Having taken control of Laudrup’s free-falling side, he stabilised the club and staved off relegation in 2014. A heavy period of flux followed, with many of the players trusted by the previous management departing the club: Jose Canas, Michel Vorm, Chico Flores, Pablo Hernandez and Ben Davies were all sold and Michu, one of the symbols of Swansea’s Premier League era, was loaned to Napoli. The revenue was reinvested in – most notably – Gylfi Sigurdsson, Jefferson Montero, and Federico Fernandez, and all three of those players’ stocks rose under Monk’s management. Fernandez formed one of the Premier League’s better centre-back pairings with Ashley Williams, Sigurdsson was one half of a highly potent combination with the resurgent Wilfried Bony (who would earn a lucrative transfer to Manchester City in the middle of the season), and Montero became one of the most destructive wingers in the division.
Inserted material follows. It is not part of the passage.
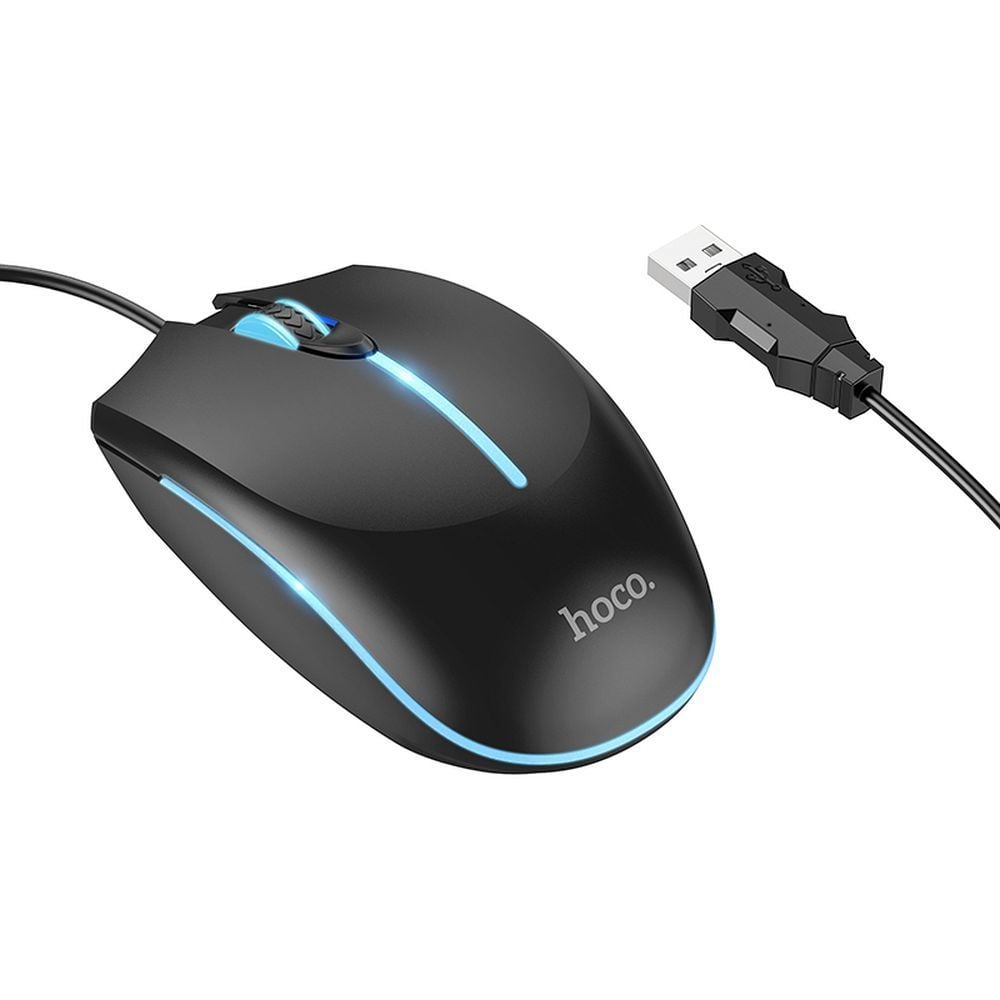 Mouse Gaming cu fir Hoco GM37, USB-A, 4 Butoane, DPI Ajustabil 800-2400, Negru Engros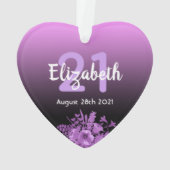 21. Geburtstag Party lila schwarzer Gradientenname Ornament (Rückseite)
If Monk’s modernist tendencies show in the form of iPads and sleeping pods, then the successful integration of those players demonstrated the contrasting side of his skill-set. Team-building is a managerial attribute as old as the professional game itself and, evidently, Monk possesses it. Player turnover is often considered to be the kryptonite of the football world and yet he dealt seamlessly with what could have been a tumultuous situation.
Similarly, his handling of Jonjo Shelvey during that first full season was also a useful indicator. Shelvey, a sizeable yet emotionally-stunted talent, had arrived in Wales in 2013 after becoming expendable at Anfield. His first eighteen months at the club were pockmarked with structural waywardness and indiscipline and Monk was really the first manager of his career to successfully challenge the way he approached the game. Shelvey responded maturely to public criticism and admirably to a slightly altered midfield role and, between January and August of 2015, he sustained a level of form which elevated him back into the England squad.
Not every manager has that sort of touch with a player and not all of them are able to extract value from enigmatic potential.
But, like the promising combinations in the rest of the side, Shelvey has faded away. Though injured for most of the last month, his performances have been in decline since September. Jefferson Montero faded from view, too, and Bafe Gomis’ goal at The Etihad over the weekend was his first in over three months. In retrospect, the caveats issued by the analytics community and their concerns over the sustainability of last season’s form were well-founded; Swansea have crumbled and Garry Monk was incapable of rebuilding them in the time allowed.
But that in itself portray him as a bad manager, rather – viewed in their entirety – the last twenty-two months have shown him to be a capable head-coach who maybe just lacked the necessary situational experience to cope with the peaks and troughs which occur at the top level. Yes, last year probably was a false economy and his naivety may well have been veiled by anomalous results, but there’s an initiative to Monk and a determination to evolve which is hard to ignore. Behind the impeccably gelled hair and the smart suits there’s a sharp mind and a bank of original thinking. He clearly wasn’t content just to rely on the tried and tested formulas to which he’d been exposed as a player, but wanted instead to implement his own methods and to challenge what had come before.
That’s someone worth persevering with, someone who clearly has a value beyond his playing career.
Managers who start their careers in the Premier League are often considered privileged and, in many ways, that’s absolutely true. But there’s a caveat: it’s a harsh landscape which isn’t necessarily the best learning environment. Mistakes are brutally punished – and sometimes to the extent that they unduly detract from periods which were generally quite positive.
Time ran out for Garry Monk, but his time will come again.